▶ **Recorded information**

:::

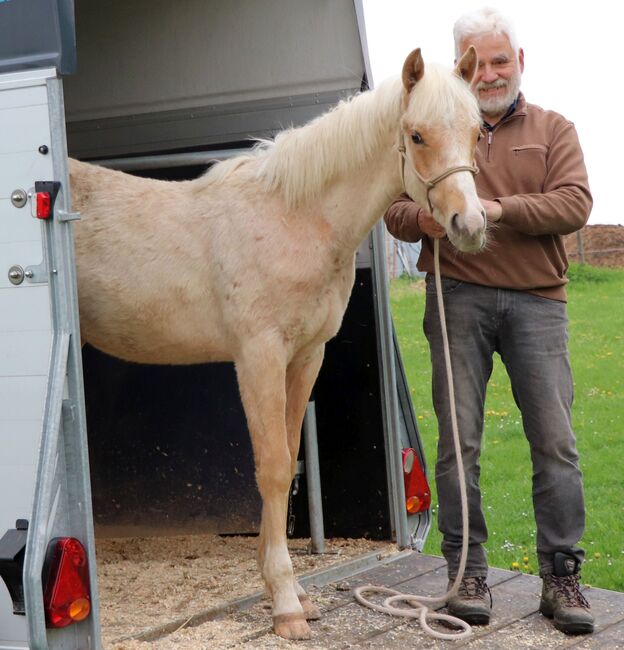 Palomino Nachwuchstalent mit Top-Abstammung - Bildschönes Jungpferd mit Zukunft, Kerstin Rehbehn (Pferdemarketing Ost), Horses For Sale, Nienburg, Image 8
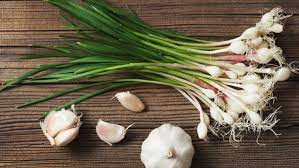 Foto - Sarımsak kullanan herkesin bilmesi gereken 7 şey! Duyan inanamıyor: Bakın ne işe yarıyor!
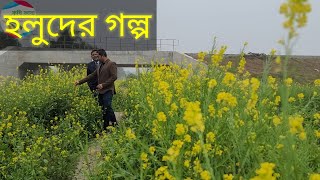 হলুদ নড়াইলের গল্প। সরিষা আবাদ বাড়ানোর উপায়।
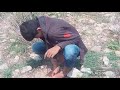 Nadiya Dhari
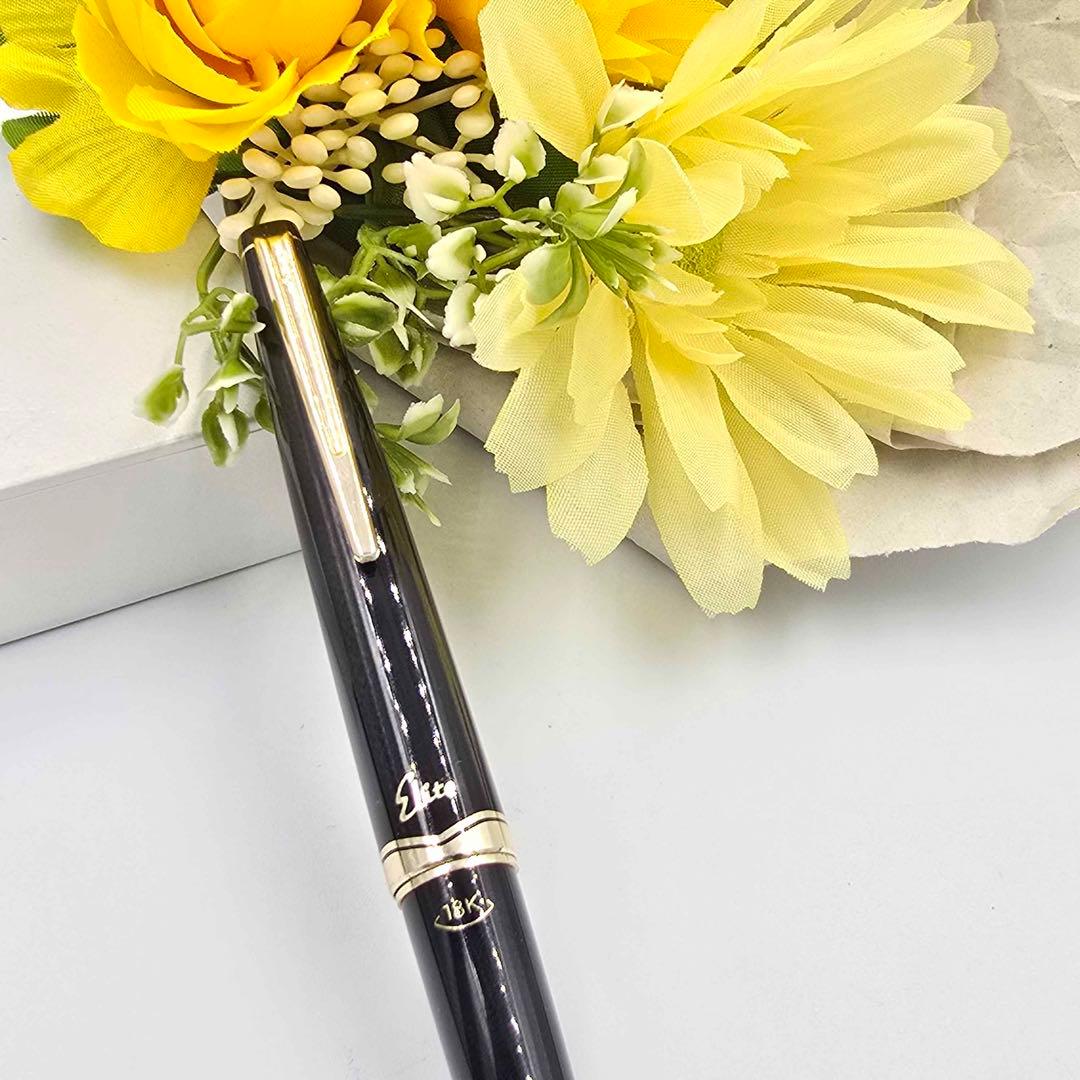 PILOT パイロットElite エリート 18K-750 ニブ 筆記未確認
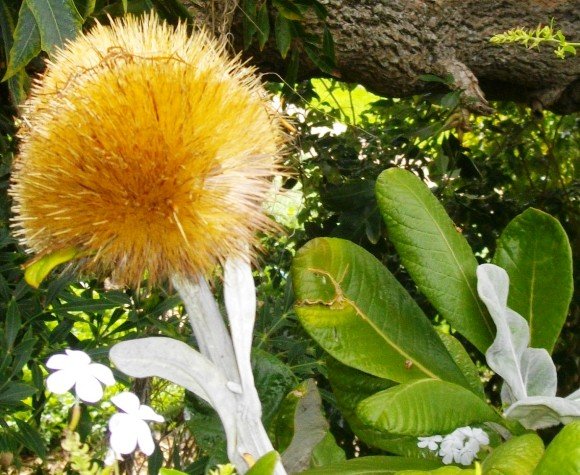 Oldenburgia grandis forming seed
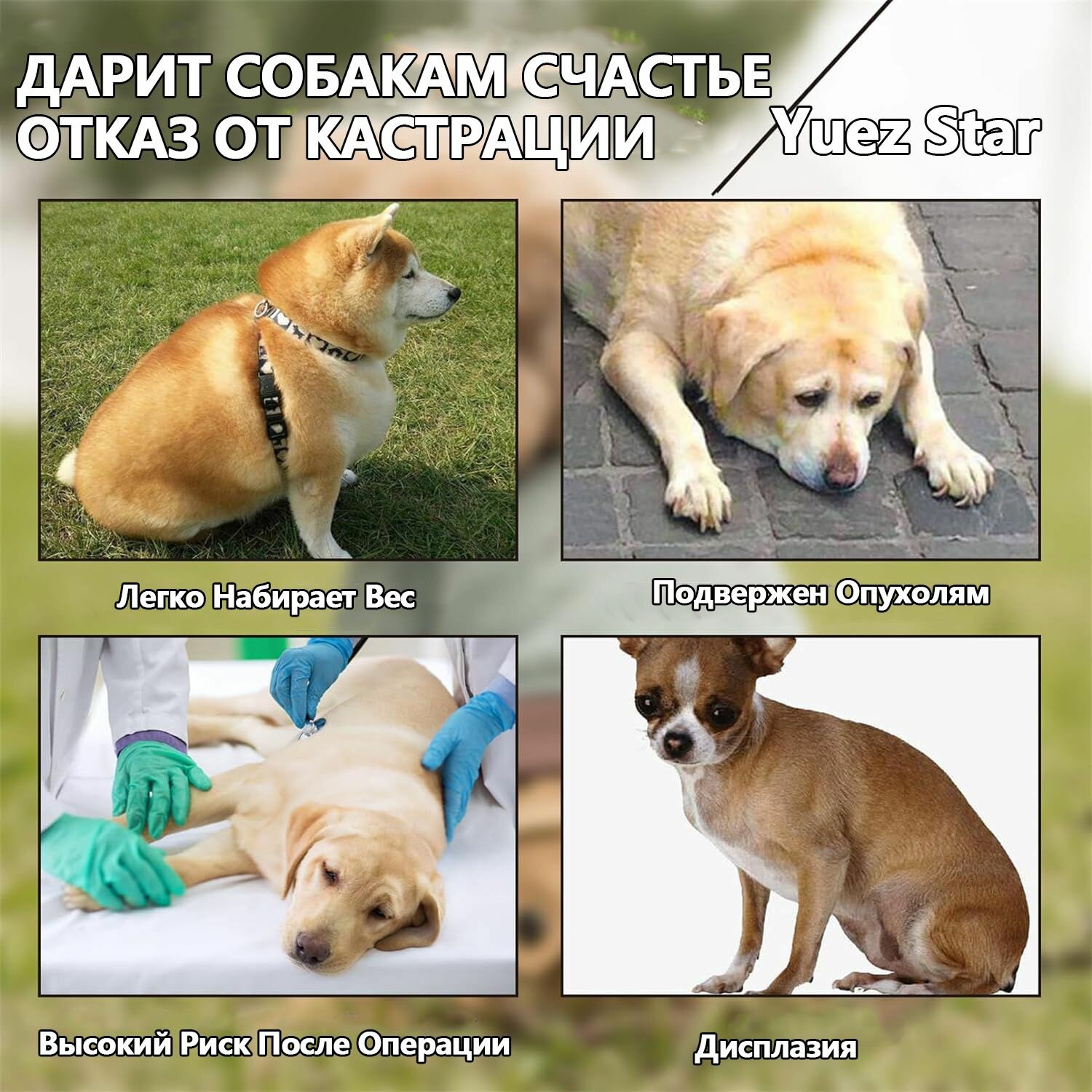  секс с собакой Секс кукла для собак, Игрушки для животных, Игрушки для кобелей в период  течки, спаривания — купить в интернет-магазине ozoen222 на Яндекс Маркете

:::

▶ **Instructions for the task**
Your response should consist solely of the lines from the line with "Nadiya Dhari" through the last line of the entries above, printed exactly and without pictures.

▶ **Task result**
 Nadiya Dhari
 PILOT パイロットElite エリート 18K-750 ニブ 筆記未確認
 Oldenburgia grandis forming seed
  секс с собакой Секс кукла для собак, Игрушки для животных, Игрушки для кобелей в период  течки, спаривания — купить в интернет-магазине ozoen222 на Яндекс Маркете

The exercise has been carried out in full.